The value of natural gas -- compressed (CNG) and liquefied (LNG) -- as a transportation fuel is likely to grow, displacing future oil demand, according to a study released Wednesday by consultancy IHS Inc.
In "LNG in Transportation: Challenging Oil's Grip," IHS researchers conclude that natural gas as a transportation fuel could displace more than 1.5 million b/d of oil demand by 2030. A multi-client study, IHS did not release the report to the general public, but its chief strategist for global gas, Michael Stoppard, presented a summary of its findings at the World Gas Conference (June 1-5) in Paris.
While acknowledging that the global oil price crash has lessened the "overly optimistic" market expectations for natural gas in transportation, Stoppard said that "nonetheless, the shift to greater use of natural gas in trucks is set to continue."
"Even with consistently lower costs of natural gas when compared to gasoline and diesel, NGV consumption has been a relatively small and slow-growing source of demand for natural gas in the United States," said NGI Markets analyst Nathan Harrison. "While fueling station buildout is continuing, we likely won't see any significant displacement of crude demand for transportation for quite a while."
Although it is widely believed that power generation is the primary growth market for natural gas demand, Stoppard said natural gas as a transportation fuel "offers a new market with potentially more value."
The study cited a combination of drivers for the expected surge in natural gas use in transportation: environmental, technological and commercial considerations. "The highest level of adoption will be in high fuel-consuming applications, such as trucks and ships," IHS said.

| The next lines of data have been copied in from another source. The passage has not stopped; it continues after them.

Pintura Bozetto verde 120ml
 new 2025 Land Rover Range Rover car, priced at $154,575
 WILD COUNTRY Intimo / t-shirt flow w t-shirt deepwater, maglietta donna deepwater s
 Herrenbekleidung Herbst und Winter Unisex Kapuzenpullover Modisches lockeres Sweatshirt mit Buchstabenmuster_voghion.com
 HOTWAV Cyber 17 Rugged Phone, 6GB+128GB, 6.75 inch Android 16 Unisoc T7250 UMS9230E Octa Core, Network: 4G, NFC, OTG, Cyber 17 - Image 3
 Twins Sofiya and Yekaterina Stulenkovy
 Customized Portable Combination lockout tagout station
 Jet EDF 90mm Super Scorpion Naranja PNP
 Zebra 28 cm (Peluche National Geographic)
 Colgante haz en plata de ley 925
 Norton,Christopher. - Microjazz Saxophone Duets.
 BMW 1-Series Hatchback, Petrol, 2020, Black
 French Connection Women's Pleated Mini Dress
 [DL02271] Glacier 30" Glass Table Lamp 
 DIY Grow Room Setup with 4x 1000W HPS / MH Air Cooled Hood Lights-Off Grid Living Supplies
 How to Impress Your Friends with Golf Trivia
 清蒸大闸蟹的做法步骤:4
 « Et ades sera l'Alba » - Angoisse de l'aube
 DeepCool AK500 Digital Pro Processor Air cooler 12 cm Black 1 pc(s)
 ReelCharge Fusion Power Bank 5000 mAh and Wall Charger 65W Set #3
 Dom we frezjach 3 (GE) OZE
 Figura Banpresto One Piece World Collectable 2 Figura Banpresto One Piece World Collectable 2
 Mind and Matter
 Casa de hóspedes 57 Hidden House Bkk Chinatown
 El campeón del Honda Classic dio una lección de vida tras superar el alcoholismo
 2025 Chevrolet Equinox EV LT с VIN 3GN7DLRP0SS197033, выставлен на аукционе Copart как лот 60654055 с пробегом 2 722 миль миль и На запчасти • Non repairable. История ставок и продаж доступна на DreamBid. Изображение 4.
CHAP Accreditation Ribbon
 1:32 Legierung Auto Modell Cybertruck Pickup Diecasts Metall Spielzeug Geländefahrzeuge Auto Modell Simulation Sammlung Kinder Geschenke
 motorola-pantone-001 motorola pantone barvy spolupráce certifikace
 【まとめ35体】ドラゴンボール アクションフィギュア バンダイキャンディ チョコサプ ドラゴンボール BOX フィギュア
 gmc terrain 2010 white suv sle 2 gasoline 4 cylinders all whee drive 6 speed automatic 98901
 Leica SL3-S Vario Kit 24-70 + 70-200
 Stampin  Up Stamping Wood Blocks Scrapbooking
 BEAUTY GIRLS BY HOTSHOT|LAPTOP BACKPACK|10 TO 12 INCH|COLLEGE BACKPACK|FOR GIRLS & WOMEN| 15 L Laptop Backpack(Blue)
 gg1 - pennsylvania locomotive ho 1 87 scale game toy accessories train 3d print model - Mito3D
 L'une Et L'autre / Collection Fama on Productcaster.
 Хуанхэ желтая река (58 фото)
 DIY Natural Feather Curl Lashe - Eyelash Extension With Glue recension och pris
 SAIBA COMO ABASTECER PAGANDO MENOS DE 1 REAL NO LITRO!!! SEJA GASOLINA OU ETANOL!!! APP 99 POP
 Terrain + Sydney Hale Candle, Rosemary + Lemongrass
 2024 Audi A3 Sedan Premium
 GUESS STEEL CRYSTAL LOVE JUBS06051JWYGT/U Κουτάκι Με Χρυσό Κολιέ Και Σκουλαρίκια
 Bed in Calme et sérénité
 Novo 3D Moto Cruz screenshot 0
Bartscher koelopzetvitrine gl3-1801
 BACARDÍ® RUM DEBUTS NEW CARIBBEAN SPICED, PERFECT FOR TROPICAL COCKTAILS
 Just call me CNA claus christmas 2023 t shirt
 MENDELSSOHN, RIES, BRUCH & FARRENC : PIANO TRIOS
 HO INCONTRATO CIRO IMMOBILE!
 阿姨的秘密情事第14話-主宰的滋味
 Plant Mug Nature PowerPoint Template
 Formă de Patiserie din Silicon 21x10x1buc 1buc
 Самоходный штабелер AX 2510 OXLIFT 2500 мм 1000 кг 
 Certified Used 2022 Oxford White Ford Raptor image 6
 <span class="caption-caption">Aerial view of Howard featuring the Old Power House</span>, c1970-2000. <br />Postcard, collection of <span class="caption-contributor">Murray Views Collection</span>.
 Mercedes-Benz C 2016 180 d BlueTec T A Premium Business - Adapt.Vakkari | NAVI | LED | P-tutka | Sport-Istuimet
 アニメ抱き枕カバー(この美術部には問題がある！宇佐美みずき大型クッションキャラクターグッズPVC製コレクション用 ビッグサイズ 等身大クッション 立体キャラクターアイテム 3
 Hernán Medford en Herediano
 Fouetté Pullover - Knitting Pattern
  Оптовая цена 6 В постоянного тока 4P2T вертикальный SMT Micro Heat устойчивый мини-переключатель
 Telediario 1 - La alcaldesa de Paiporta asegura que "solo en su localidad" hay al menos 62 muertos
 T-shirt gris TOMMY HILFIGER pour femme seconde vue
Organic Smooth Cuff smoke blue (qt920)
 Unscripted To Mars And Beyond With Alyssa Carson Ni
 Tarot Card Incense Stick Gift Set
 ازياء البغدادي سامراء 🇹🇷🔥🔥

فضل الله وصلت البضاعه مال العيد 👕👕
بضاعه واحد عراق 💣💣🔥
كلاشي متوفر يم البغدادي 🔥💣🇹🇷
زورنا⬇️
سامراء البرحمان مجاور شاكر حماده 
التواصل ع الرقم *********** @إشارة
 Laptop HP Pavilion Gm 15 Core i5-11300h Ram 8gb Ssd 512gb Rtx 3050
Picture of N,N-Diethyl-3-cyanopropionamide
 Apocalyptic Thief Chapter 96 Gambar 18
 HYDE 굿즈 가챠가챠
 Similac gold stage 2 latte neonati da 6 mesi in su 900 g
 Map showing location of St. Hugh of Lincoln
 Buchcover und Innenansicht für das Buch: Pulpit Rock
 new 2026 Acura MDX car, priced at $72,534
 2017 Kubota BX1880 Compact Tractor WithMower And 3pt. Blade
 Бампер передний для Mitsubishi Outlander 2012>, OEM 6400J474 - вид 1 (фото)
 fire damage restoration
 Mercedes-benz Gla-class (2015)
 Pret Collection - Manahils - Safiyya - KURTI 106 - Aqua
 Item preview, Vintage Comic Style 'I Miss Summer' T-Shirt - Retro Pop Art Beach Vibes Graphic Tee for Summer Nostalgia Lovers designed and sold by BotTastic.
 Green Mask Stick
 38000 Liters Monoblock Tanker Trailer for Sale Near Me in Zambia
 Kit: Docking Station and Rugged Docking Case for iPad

IHS's report makes the point that worldwide oil consumption in trucks is almost as high as in cars, and it is often more economic for truck fleets to switch to alternative fuel sources, emphasizing that truck fleets have a "relatively quick" turnover that could lead to faster adoption of new technology in that sector.
The IHS forecasts estimated that annual truck natural gas demand globally by 2030 will reach 81 billion cubic meters (Bcm) [2.86 Tcf] collectively for CNG and LNG with an added 17 Bcm (500 Bcf) of LNG coming from ships. LNG demand for trucks and the marine sector is expected to account for 10% of all global LNG traded in 2030.
Regional differences will persist as the study found that "big differences" exist among drivers and outcomes in key regions of the world.
In Canada, a unit of General Electric (GE) and Shell Canada Products are partnering to make it easier for private-sector fleets to switch to LNG trucks, seeking to reduce monthly payments for NGV truck fleets that are leasing NGVs.
The joint venture would provide natural gas fueling contracts from Shell while fleet operators obtain LNG trucks from GE Capital. The initial thrust of the program will be in western Canada where Shell has established LNG fueling stations in both Calgary and Edmonton.
Francois Nantel, head of GE Capital, said the agreement is giving over-the-road trucking "the financial incentive to make the shift from diesel to natural gas. This approach is designed to eliminate the LNG truck re-sale value question that troubles [some fleet] operators."
Back in the United States, Ryder Systems Inc., a provider of natural gas vehicles (NGV) as part of its effort to use more alternative fueled vehicles in its rental and leasing fleets, inked an agreement to lease three CNG trucks to M&B Products in Florida.
Described by Ryder as a "state-of-the-art, eco-friendly dairy farm," M&B is getting three Freightliner Cascadia tractor trucks to make five 500-mile roundtrips daily between Tampa and Miami, with maintenance, service and fueling coming from Ryder's Tampa service facility.
M&B is a participant in Florida's statewide Natural Gas Fuel Fleet Vehicle Rebate Program from the state Department of Agriculture and Consumer Services.
In New York, the state has another program for doling out up to $3 million from the New York State Energy Research and Development Authority (NYSERDA) for projects that reduce greenhouse gas (GHG) emissions. NYSERDA is looking for applications for awards up to $500,000 in several categories, including "active transportation" and "freight transportation management/logistics."
In California WorldNGV Technologies, formerly World CNG, was slated to deliver up to 50 dedicated CNG Dodge Promaster vans to Southern California-based Fastech, a petroleum fueling station/convenience store service company. With 3.6-liter CNG engines, the Chrysler platform NGVs are expected to be the first vans from Chrysler certified by the California Air Resources Board.
Elsewhere, WorldNGV is supplying Washington state-based Potelco with a fleet of LNG utility trucks, first-of-a-kind LNG Ford F-550s, and Las Vegas-based MGM Resorts International with a fleet of dedicated CNG stretch Cadillac XTS limousines.
Also in California, Landi Renzo said it is sponsoring an alternative fuels gallery in the Petersen Automotive Museum in Los Angeles, which is undergoing a major renovation and is set to reopen in December. Natural gas will be among the past, present and future examples of alternative fuel technologies that will be on display at the museum.